May 31, 2022 — A home base of the oil and gas industry wants in on offshore wind.
The Gulf of Mexico has spent eight decades as one of the nation’s prime petroleum hubs, home to thousands of rigs, platforms and other structures that drill, store and ship fossil fuels. Now the Biden administration is reviewing 30 million acres of Gulf waters near Texas and Louisiana for potential wind turbines — a development that could dovetail with proposals to generate other clean energy sources, such as hydrogen.
Climate change isn’t the only reason to bring wind power to the Gulf, said former Texas Land Commissioner Jerry Patterson, who unsuccessfully tried to launch the world’s largest offshore wind farm in the area nearly two decades ago — even prematurely proclaiming in 2006 that “the wind rush is on.”
“We still need alternative and renewable energy because [oil and gas] are a finite commodity,” Patterson said in an April interview. “We ain’t making anymore. Not fast enough anyway.”

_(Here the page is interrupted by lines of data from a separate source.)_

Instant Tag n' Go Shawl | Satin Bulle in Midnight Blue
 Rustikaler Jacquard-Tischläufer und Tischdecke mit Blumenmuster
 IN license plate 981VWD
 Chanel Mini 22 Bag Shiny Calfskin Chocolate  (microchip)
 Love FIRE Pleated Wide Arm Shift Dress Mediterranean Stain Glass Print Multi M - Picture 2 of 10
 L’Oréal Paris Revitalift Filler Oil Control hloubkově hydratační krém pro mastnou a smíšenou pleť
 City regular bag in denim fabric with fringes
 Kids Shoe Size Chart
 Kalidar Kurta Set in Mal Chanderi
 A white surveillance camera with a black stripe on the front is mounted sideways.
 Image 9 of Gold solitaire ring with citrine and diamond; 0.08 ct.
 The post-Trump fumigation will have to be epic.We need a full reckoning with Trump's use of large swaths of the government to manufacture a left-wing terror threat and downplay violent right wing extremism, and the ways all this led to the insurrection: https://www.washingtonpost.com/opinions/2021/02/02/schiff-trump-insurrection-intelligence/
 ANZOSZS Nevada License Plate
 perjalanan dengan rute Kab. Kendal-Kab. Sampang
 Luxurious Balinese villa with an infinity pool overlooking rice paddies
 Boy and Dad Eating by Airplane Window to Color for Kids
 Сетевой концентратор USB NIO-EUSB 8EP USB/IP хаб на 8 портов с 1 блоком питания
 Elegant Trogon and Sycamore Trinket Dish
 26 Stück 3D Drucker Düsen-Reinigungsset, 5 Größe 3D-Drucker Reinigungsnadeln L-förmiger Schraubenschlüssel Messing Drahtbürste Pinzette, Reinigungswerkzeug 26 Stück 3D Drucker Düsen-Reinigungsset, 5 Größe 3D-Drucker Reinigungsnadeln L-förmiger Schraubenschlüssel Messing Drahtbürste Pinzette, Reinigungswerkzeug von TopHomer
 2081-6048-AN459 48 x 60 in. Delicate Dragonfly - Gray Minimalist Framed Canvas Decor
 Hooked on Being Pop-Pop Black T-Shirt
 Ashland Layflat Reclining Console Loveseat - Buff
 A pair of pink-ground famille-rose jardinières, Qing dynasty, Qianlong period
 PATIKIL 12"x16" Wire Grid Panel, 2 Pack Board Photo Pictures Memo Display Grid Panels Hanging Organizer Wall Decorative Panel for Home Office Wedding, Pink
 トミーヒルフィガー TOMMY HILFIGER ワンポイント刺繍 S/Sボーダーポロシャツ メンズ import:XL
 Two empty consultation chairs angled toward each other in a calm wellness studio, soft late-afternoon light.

Patterson, who calls himself a “drill, baby, drill” guy, added: “How long will the oil and gas last? I don’t know. Is it 50 years or 500 years? I don’t know. But at some point, it goes away.”
Patterson’s effort awarded two multimillion-dollar wind power leases off the Texas coast, but the projects never materialized after falling natural gas prices undermined their economics. Instead, the wind industry remained onshore to the vast open stretches of west Texas and the state’s Panhandle.
Challenges to potential Gulf wind projects persist, including the region’s frequent hurricanes and billions of migratory birds. The area’s typical wind speeds are also lower than those of the Atlantic Coast, the biggest haven for U.S. offshore wind projects.